Chief Judge was John Bradshaw, who wore a special metal-lined hat to avoid being killed during the proceedings. 59 signatures of Commissioners would be found on the King's Death Warrant, along with Cromwell (of course). Charles did not defend himself against the flagrant charges, as he did not acknowledge its legality in the first place. His date of execution was set for January 30th, 1649. By the time the Monarch spoke up to announce his innocence, it was too late: they were shoving himself out of the court of justice and into a cell--probably the Tower of London--where he would be held until his death.
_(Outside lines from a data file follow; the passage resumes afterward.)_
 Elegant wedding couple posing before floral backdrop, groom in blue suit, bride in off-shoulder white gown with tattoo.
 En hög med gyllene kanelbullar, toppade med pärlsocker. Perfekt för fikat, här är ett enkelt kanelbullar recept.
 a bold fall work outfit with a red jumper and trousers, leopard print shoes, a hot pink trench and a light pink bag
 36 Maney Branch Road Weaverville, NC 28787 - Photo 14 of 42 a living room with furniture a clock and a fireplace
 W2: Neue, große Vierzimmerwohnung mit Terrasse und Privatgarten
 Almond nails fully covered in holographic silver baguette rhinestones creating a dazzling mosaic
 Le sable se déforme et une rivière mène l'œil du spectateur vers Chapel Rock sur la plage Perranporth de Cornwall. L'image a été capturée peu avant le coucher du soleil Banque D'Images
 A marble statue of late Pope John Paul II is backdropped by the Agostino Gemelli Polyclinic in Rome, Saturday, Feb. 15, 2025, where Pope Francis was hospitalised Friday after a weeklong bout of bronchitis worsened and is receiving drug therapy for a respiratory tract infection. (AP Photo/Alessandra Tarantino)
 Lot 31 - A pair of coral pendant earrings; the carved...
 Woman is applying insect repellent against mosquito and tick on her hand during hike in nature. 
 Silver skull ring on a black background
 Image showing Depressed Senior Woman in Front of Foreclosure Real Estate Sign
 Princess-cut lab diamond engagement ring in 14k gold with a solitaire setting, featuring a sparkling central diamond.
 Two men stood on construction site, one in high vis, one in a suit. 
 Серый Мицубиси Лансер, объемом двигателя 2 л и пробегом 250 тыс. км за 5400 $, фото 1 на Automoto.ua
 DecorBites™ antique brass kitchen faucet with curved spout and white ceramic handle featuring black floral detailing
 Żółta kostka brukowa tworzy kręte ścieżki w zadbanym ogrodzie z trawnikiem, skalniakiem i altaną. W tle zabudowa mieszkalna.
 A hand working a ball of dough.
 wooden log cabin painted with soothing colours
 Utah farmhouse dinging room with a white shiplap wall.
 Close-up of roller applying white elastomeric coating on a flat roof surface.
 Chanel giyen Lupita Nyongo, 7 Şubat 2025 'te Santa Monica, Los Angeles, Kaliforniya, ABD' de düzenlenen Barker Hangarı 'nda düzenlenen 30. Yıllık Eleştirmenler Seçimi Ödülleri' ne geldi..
The day of his death was cold and bitter. In an act of "mercy" the Commissioners allowed Charles to take a final walk in St. James Park, with his beloved dog. The King wore very thick under garments as he was chilled and did not want the kingdom to see him shivering at the execution. In the manner of many such noble rulers, Charles wanted to appear unafraid and kingly, even as he went to the executioner's block to be beheaded.

"I have delivered to my conscience," King Charles I stated, "I pray God you do take those courses that are best for the good of the kingdom and your own salvation." As he laid dead, a great groaning cry was said to have passed through the crowd. Spectators ran up to dip their hankies in his blood, as though seeking magical power. The Monarchy was abolished, with Cromwell thick in its midst as usual, and England became a "Council of State."

When Charles II (The King's son and heir} returned to England to take command and resume the Monarchy they had tried to abolish, he revenged his Father's horrid death with administrative skill. Those men who signed the death warrant were hunted down and executed--some drawn and quartered. Some regicides escaped to Switzerland, to the Netherlands, and four to Germany. Four escaped to the "New World" of America, including my direct ancestor, John Blakiston, 30th signer on the death warrant.

Blakiston fled to his brother's estate in Maryland, where he was said to have died of a heart attack. The family legend states that he had missed his family in England and had died of a "broken heart."John Blakiston's brother was my own Grandfather to the 10th generation (approximate) who had changed his own sirname from Blakiston to Blackstone--perhaps to avoid any scandal?Nancy Blackstone would marry a Parnell, and my Grandmother's line was on its way.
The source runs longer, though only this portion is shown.